### Exercise data

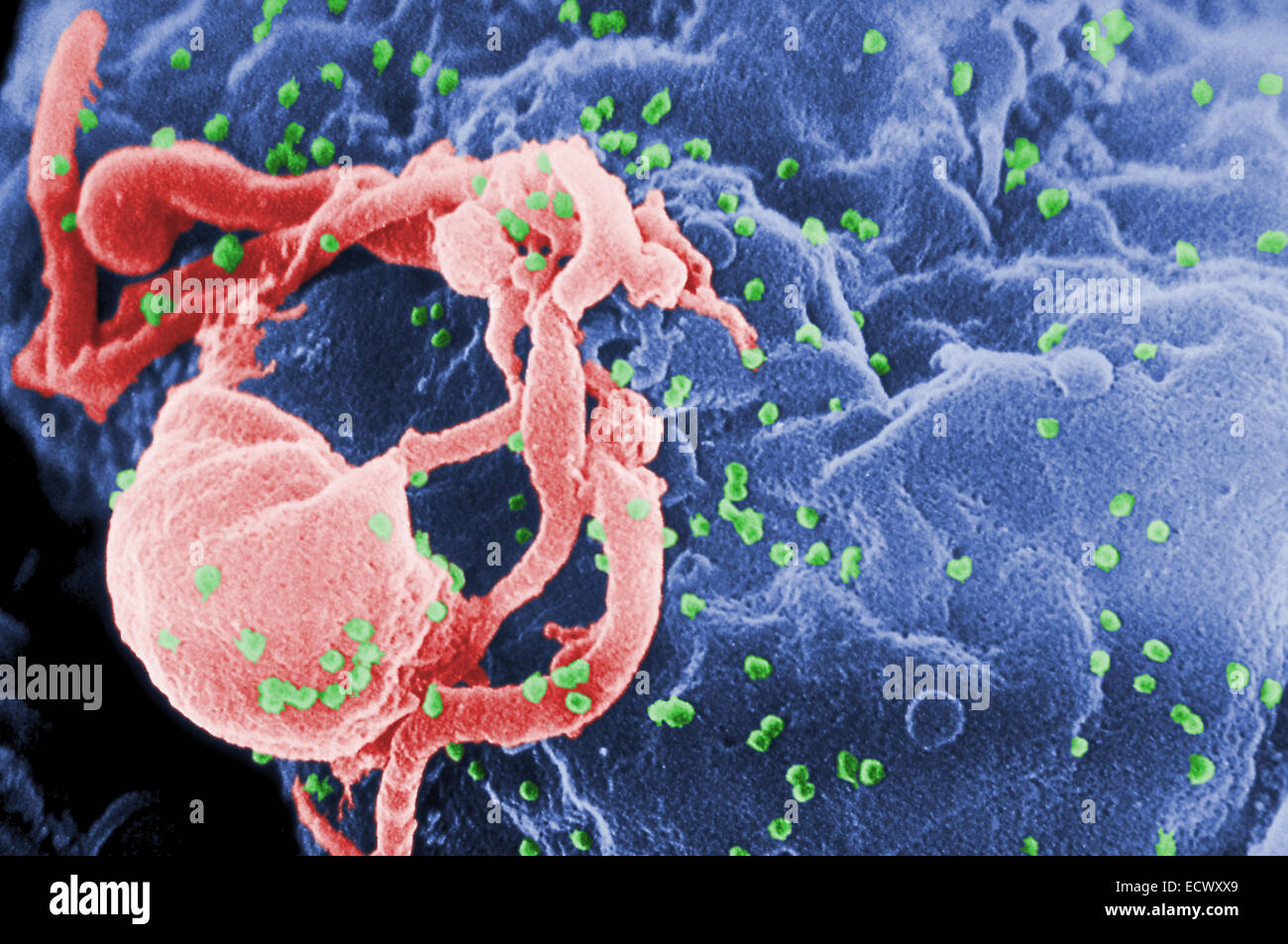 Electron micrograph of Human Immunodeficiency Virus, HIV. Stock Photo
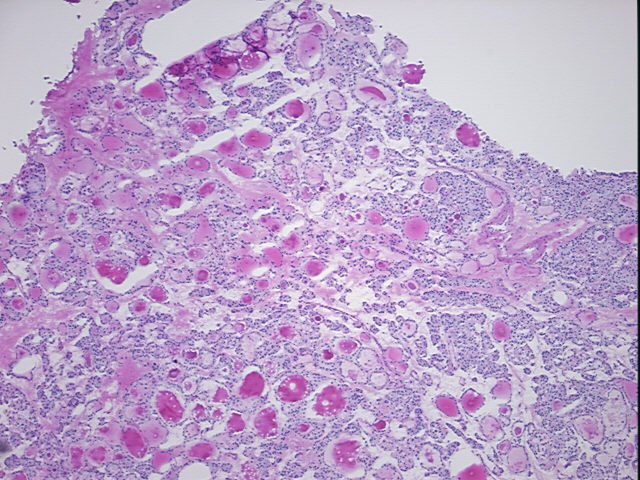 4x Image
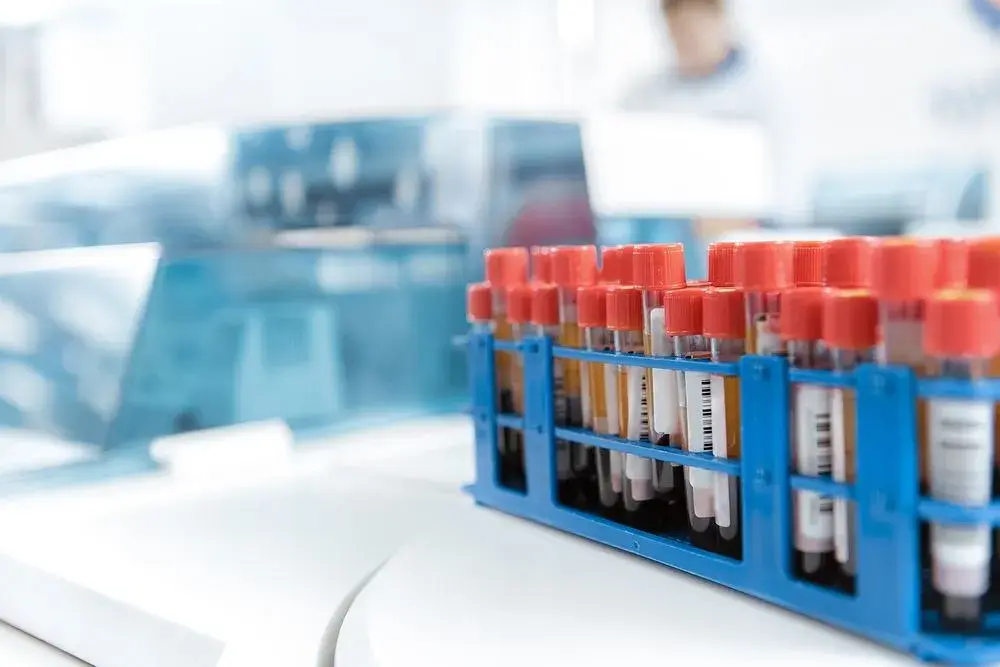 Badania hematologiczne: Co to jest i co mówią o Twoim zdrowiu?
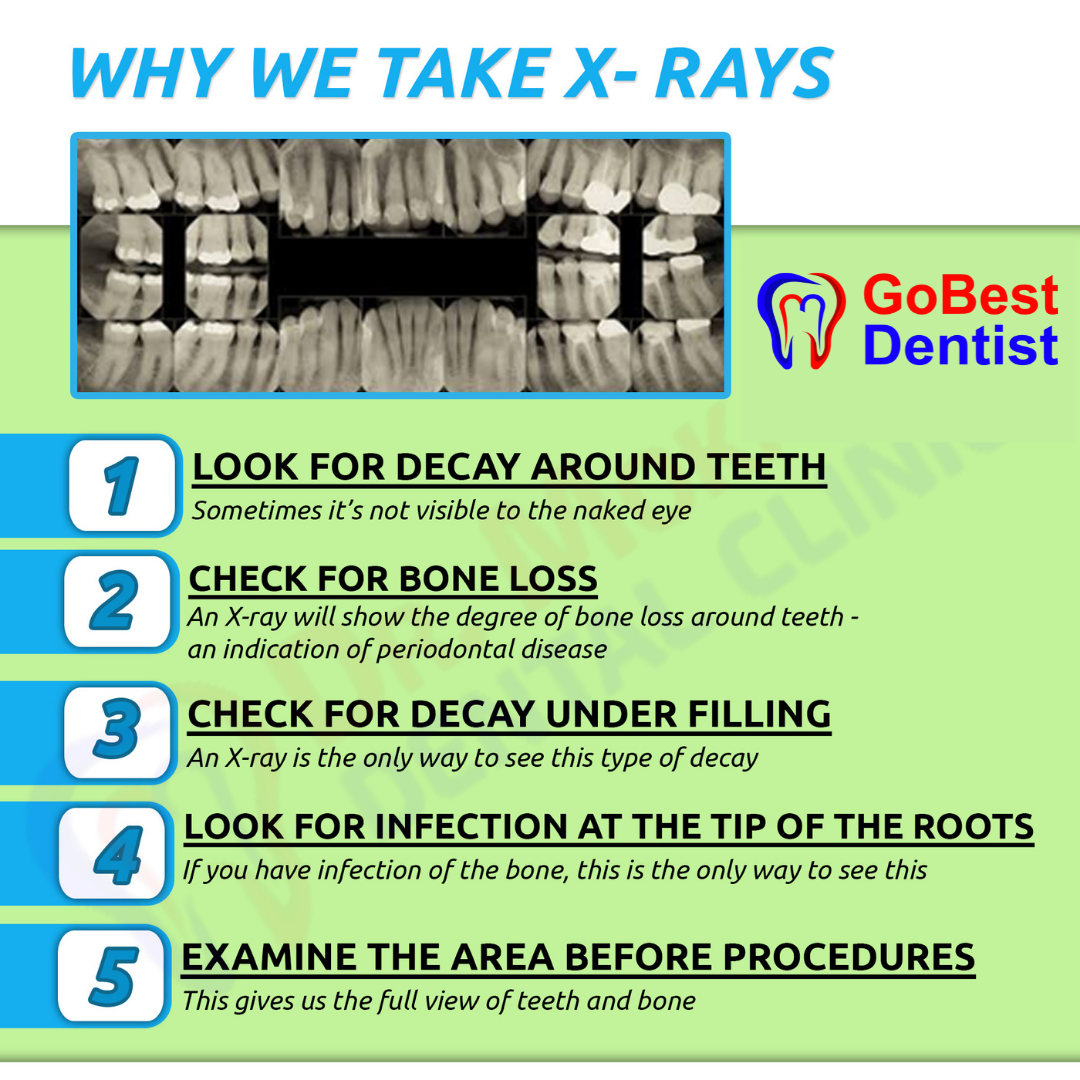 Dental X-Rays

######

Assignment:
An exact copy of the listing above, minus its pictures, is what is needed here.

Problem solution:
 Electron micrograph of Human Immunodeficiency Virus, HIV. Stock Photo
 4x Image
 Badania hematologiczne: Co to jest i co mówią o Twoim zdrowiu?
 Dental X-Rays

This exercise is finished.